A Vision
The future was a beautiful place, once.
Remember the full-blown balsa-wood town
on public display in the Civic Hall.
The ring-bound sketches, artists’ impressions,
blueprints of smoked glass and tubular steel,
board-game suburbs, modes of transportation
like fairground rides or executive toys.
Cities like dreams, cantilevered by light.
And people like us at the bottle-bank
next to the cycle-path, or dog-walking
over tended strips of fuzzy-felt grass,
or motoring home in electric cars,
model drivers. Or after the late show –
strolling the boulevard. They were the plans,
all underwritten in the neat left-hand
of architects – a true, legible script.
I pulled that future out of the north wind
at the landfill site, stamped with today’s date,
riding the air with other such futures,
all unlived in and now fully extinct.
Analysis
Whenever there is a title like this I am led to wonder just what is going on, especially when it comes to my old friend Mr Armitage here. I feel as if I know this man well, after all the years of teaching his poems at GCSE and below and feel that there is a closeness to him for me. I see the words “A Vision,” in bold at the top and think okay, just what does he mean by that? Does he mean the sort of vision that one has of something beautiful, or does he mean that what follows is about somewhere or someone that is simply a vision?
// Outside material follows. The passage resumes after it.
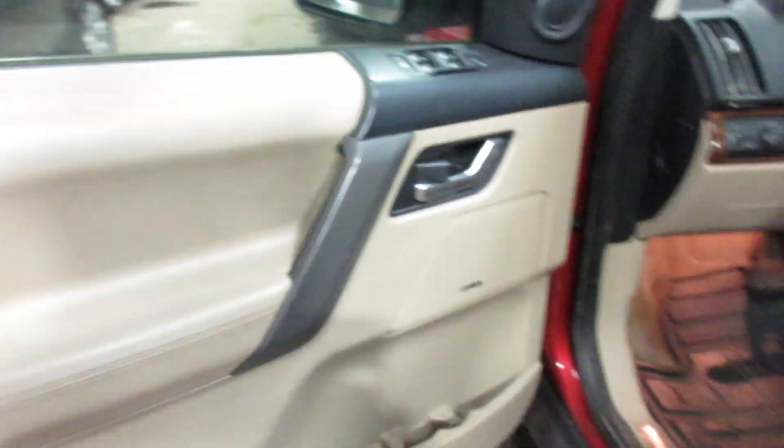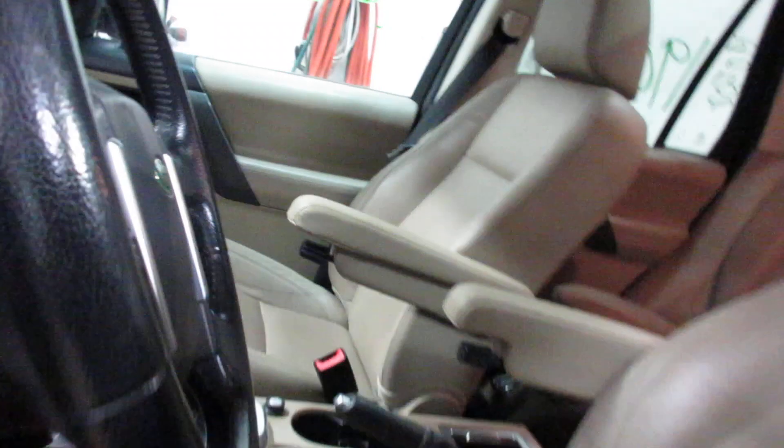We have a tan leather interior. Unfortunately, the driver's seat is a bit worn out, as you can see. We do have a nice passenger side seat and nice rear seats as well.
But when I read on, I begin to see just what is happening in the poem. His first line gives us a time frame to work from. He writes that “the future was a beautiful place, once.” When we look back like this we are doing so from the benefit of hindsight [Google to the rescue again?] and so he is possibly being romantic or even sarcastic in his words.
It is as if he is addressing these opening words to someone who is close to him, for he asks the person to “remember the full-blown balsa-wood town” that was “on public display in the Civic Hall.” This would suggest that he is talking about some form of plans that were made up in 3D, alongside a series of “ring-bound sketches, artists’ impressions” and “blueprints of smoked glass and tubular steel.” What is being painted here in the mind is the image of an architect’s plans that are on show.
Alongside such things are “board-game suburbs, modes of transportation like fairground rides or executive toys.” These are the images and the ideas that are being shown here, a sense of something special being viewed, something that would make an improvement to the life of the town or city that they are living in. As such, what becomes true is that cities are “like dreams,” images and metaphors for something brighter and more glorious in the future.
So far so good, with the image of the city of the future, but then the reader sees that there are people involved in this poem, people who are important to that someone who has created this vision of a glorious future for the place he lives in. There are images of people, miniatures who are “dog-walking over tended strips of fuzzy-felt grass.” They portray a sense of the contentedness that living in this utopia can bring and as such, bring hope where there was once despair. They are, in both senses of the word, “model drivers” in someone else’s mind.
But where there is hope, there is also despair because as much as we see someone “strolling the boulevard,” we also see that these plans have been found at the “landfill site,” a scene of decay and decomposition, where all the rubbish that gets scrapped is sent to in order to decompose into compost or some other material. The neatness of the “legible script” is balanced with the image of the landfill as the poet relates how he “pulled that future out of the north wind at the landfill site.”
In essence, this is a poem of two halves, two sides to how we view our hopes and our futures. We can have all the plans in the world but if they are not acted upon, then what are we left with but decay? In the end, says the poet, there are only two choices, invest in the future and make the right decisions, or end up like these plans; “unlived in and now fully extinct.”
How many times have you had a situation where you have had a choice to make? How many times have you created plans for something? Perhaps those plans have come to fruition and you have been successful? But equally so, perhaps they lie on the waste land of our hopes and dreams; that is the nature and the meaning in this poem.